The plot: The movie concerns the McMartin family; a normal enough clan as families go. They’re fairly average and seem to be beyond reproach as far as matters illegal are concerned. However, because life sometimes is horrible to the good people, they are all accused of child molestation. You see, the McMartins run a daycare center and, after a child comes home with strange marks on his bottom, the accusations begin to mount. All of the family, including the old and wheelchair-bound grandmother, are arrested and placed in prison based solely on the amount of people that come forward with suddenly remembered instances of abuse and harm. It’s ridiculous and any sane person could see that this is absolute madness, but those kinds of people are never around when you need them. The intricacies of the legalities are way to complicated to get into here, but suffice to say there are numerous trials and setbacks before the verdict is finally handed down. Oh, and the great James Woods plays their ambulance-chasing lawyer who grows a heart and some self-respect during the course of the trial. Woods gives what I consider to be his best performance in this, so for nothing else, check it out for him. See some acting done right.
Watching this film, not only do feel nothing but the highest degrees of sympathy for the very put-upon McMartins, but you also gain a much higher understanding of how exactly something like this could happen. It’s very much like an avalanche picking up speed and more snow as it barrels down a mountain. It’s scary to watch as the hysteria grows and it makes you glad that you don’t work with children.

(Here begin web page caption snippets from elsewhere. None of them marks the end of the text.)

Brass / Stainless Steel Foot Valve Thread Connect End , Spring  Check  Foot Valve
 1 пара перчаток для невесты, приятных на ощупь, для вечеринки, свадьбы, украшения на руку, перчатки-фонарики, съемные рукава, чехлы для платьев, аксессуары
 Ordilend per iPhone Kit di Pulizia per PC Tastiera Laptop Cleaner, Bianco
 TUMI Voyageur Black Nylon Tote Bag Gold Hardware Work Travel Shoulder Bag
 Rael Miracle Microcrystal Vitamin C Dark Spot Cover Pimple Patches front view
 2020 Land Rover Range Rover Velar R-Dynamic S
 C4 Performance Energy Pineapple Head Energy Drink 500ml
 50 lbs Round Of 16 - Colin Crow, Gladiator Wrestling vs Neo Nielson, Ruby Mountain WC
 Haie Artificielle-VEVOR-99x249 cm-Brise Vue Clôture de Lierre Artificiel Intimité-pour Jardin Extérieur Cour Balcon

In this movie, that very act is portrayed like holding a live hand-grenade.
In closing, I just want to say that truly believe that the McMartins are innocent. They happened to be caught in a hurricane of hysteria and insanity that has only been rivaled by the aforementioned Salem and McCarthy trials and I hope that in the next life, they are heralded as kings. For what they went through, they deserve it. As for Condit… well, we may never really know what happened. It’s been made abundantly clear that he’s not going to be giving the police any help. But as I said, it doesn’t really matter if we get the truth or not. In the court of public opinion, he did it, hands down. And that’s good enough for us.